Start of Available data

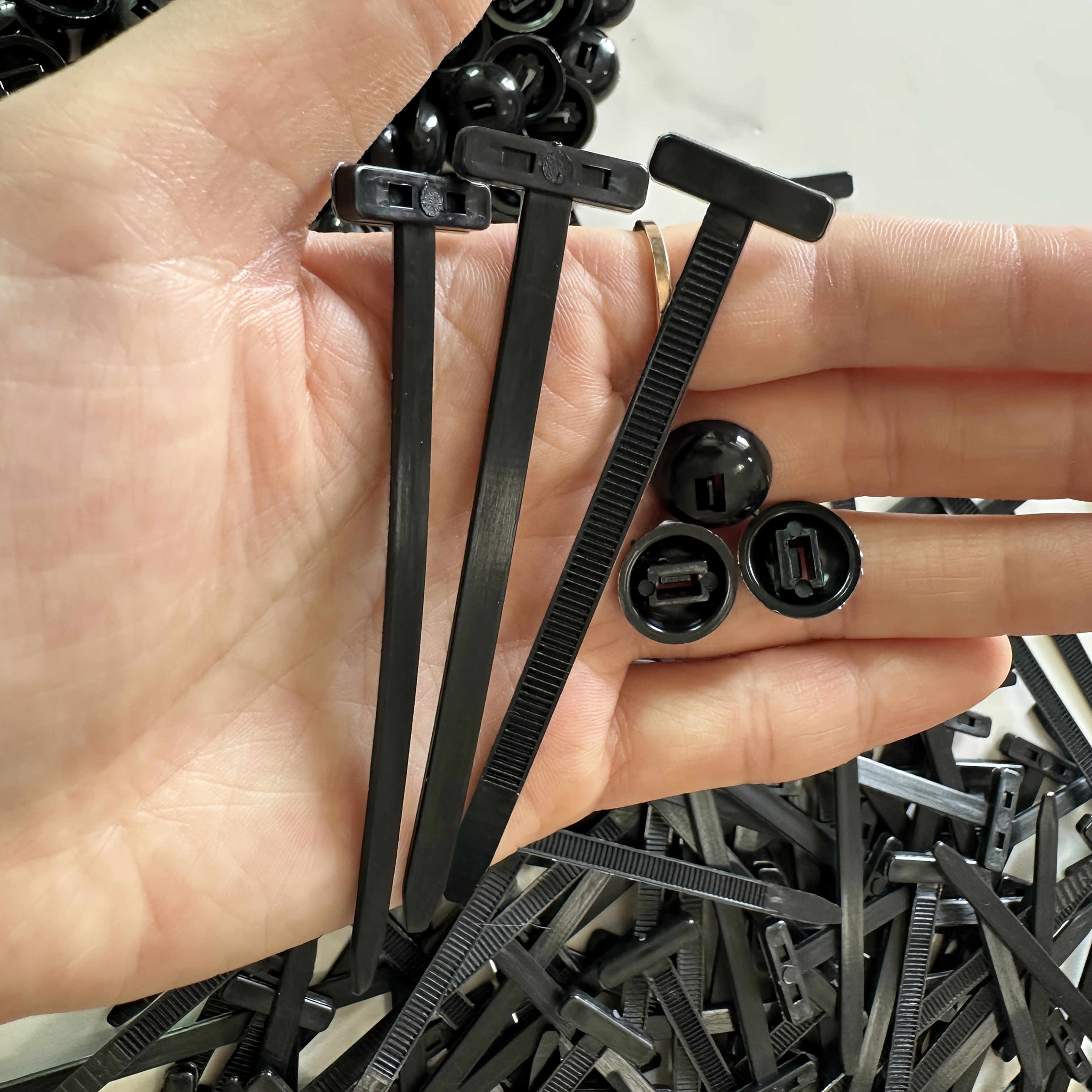 Self Locked Nylon Cable Tie Pu - Plastic Pipe Clip review and price
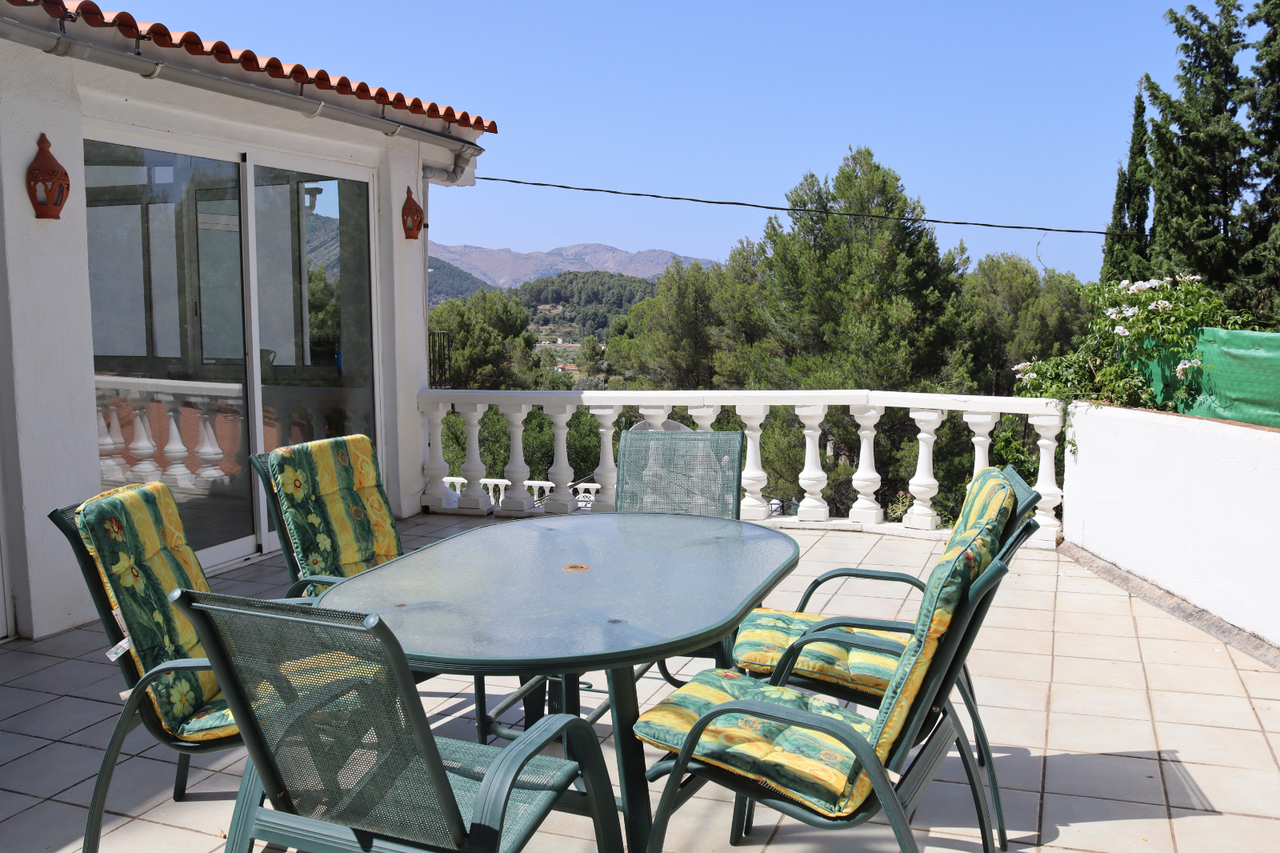 Garden in villa for sale in Parcent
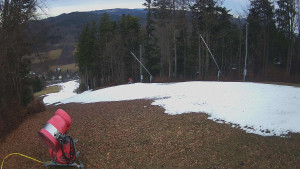 Skiareál Karolinka  - Prostřední část sjezdovky a snowpark - 17.12.2025 v 12:55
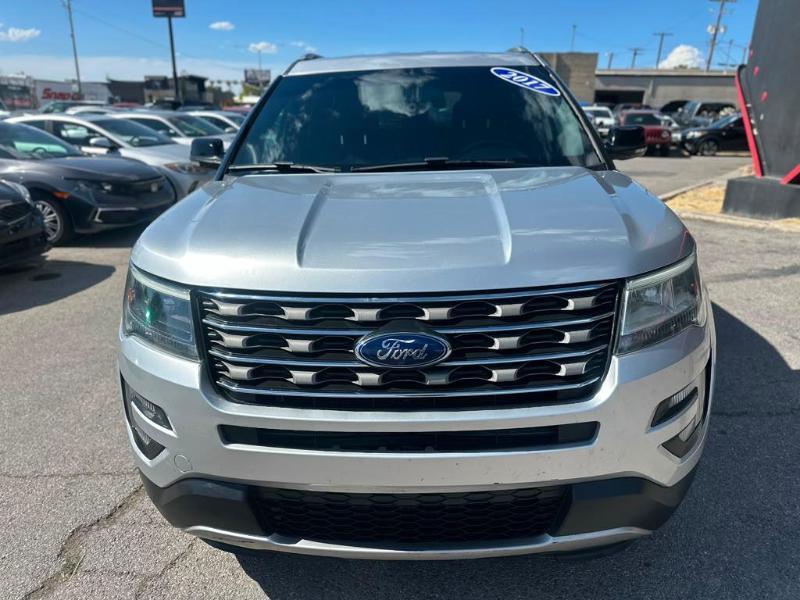 Ford Explorer XLT 4WD 2017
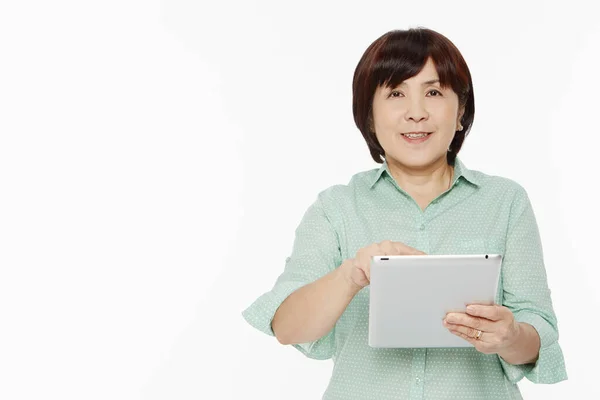 Mujer Usando Una Tableta Digital —  Fotos de Stock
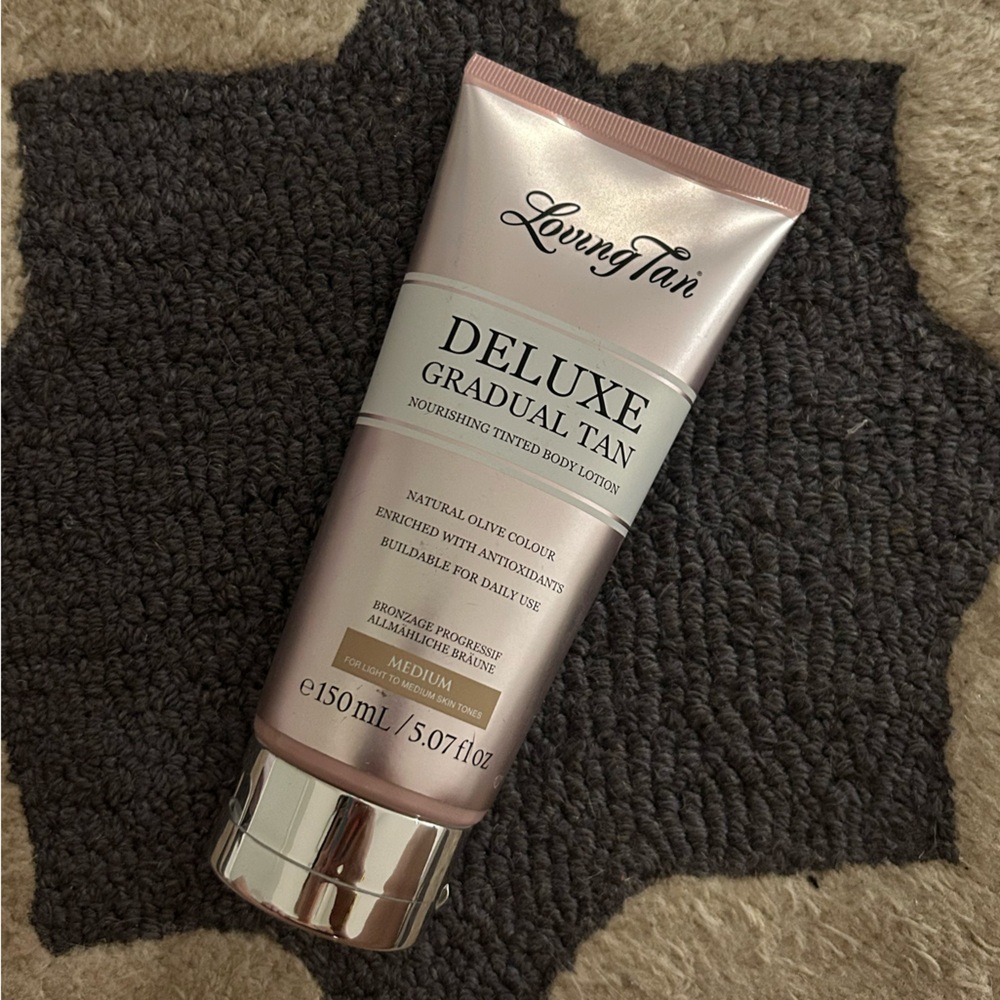 Loving Tan Deluxe Gradual Tan Lotion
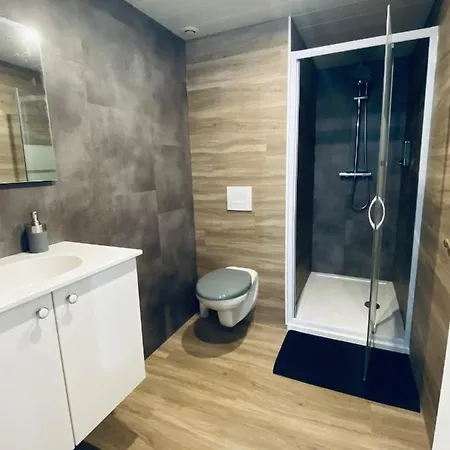 Studio Neuf Bien Place, Jardin Et Parking Gratuit Apartment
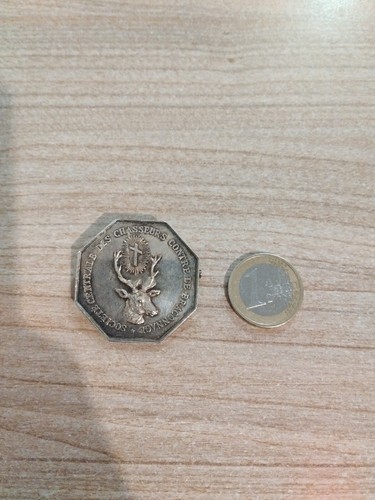 Belle médaille montée - belle, en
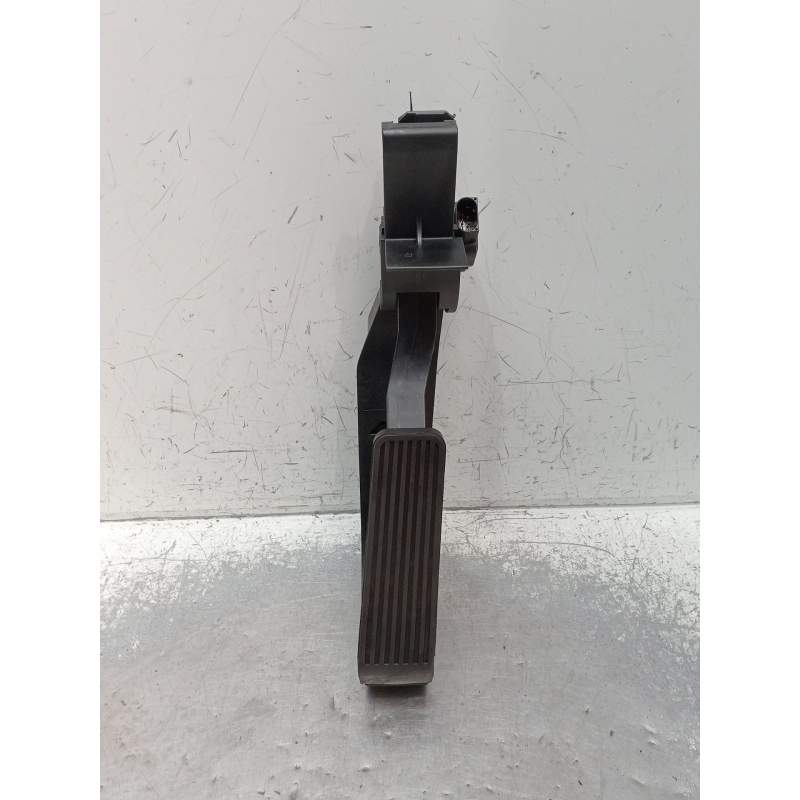Recambio de potenciometro pedal para mercedes-benz clase c (w203) c 270 cdi (203.016) referencia OEM IAM A2113000804  2000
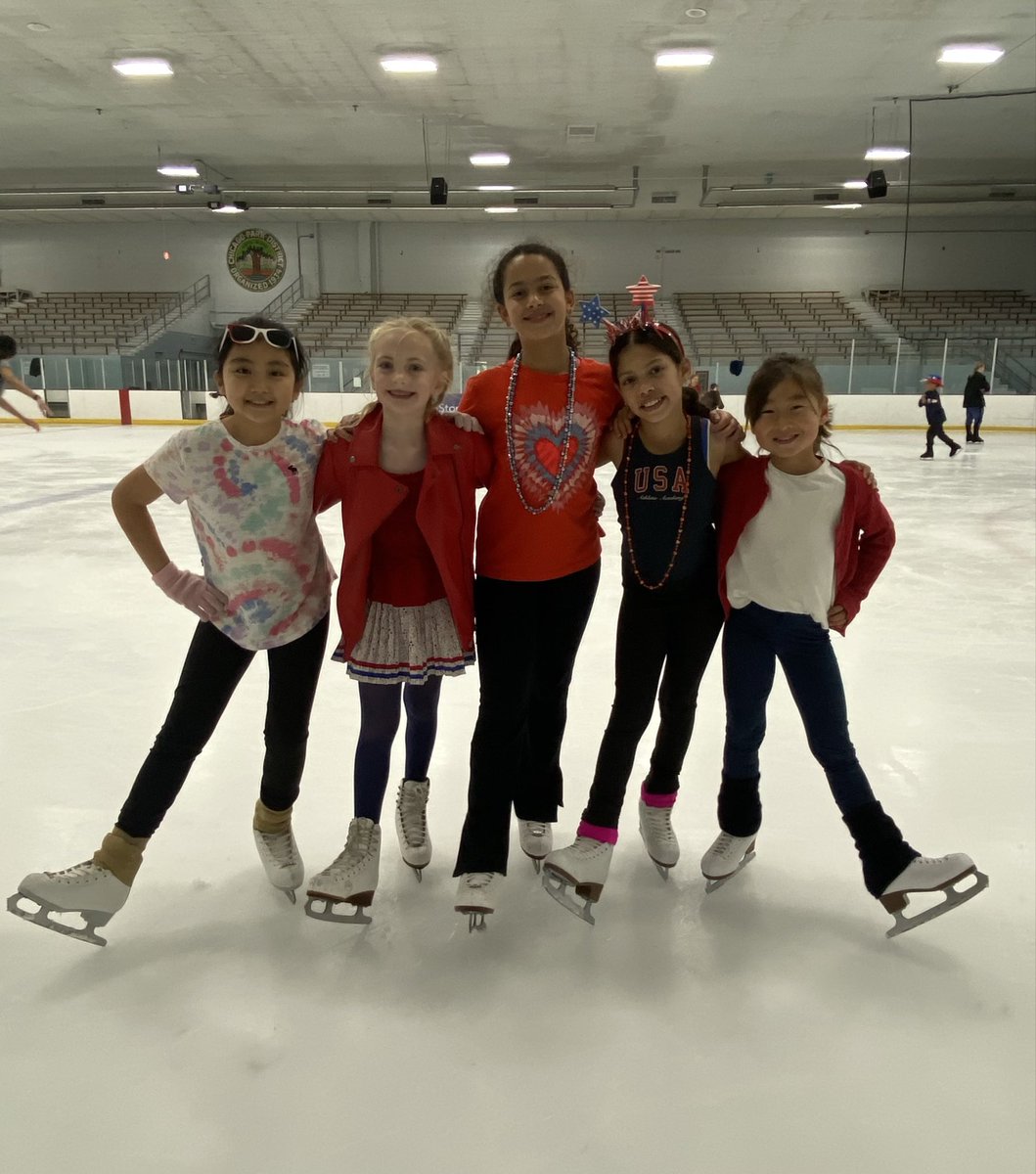 McFetridgeSC's tweet photo. Happy 4th from our Summer Skating Camp at McFetridge! Skaters wore festive attire to celebrate America’s birthday! 🇺🇸⛸️ https://t.co/3j1CbTBuyJ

End of Available data

■ **Exercise details**
The output is to be the material in full and unaltered, with pictures omitted.

■ **Exercise response**
 Self Locked Nylon Cable Tie Pu - Plastic Pipe Clip review and price
 Garden in villa for sale in Parcent
 Skiareál Karolinka  - Prostřední část sjezdovky a snowpark - 17.12.2025 v 12:55
 Ford Explorer XLT 4WD 2017
 Mujer Usando Una Tableta Digital —  Fotos de Stock
 Loving Tan Deluxe Gradual Tan Lotion
 Studio Neuf Bien Place, Jardin Et Parking Gratuit Apartment
 Belle médaille montée - belle, en
Recambio de potenciometro pedal para mercedes-benz clase c (w203) c 270 cdi (203.016) referencia OEM IAM A2113000804  2000
 McFetridgeSC's tweet photo. Happy 4th from our Summer Skating Camp at McFetridge! Skaters wore festive attire to celebrate America’s birthday! 🇺🇸⛸️ https://t.co/3j1CbTBuyJ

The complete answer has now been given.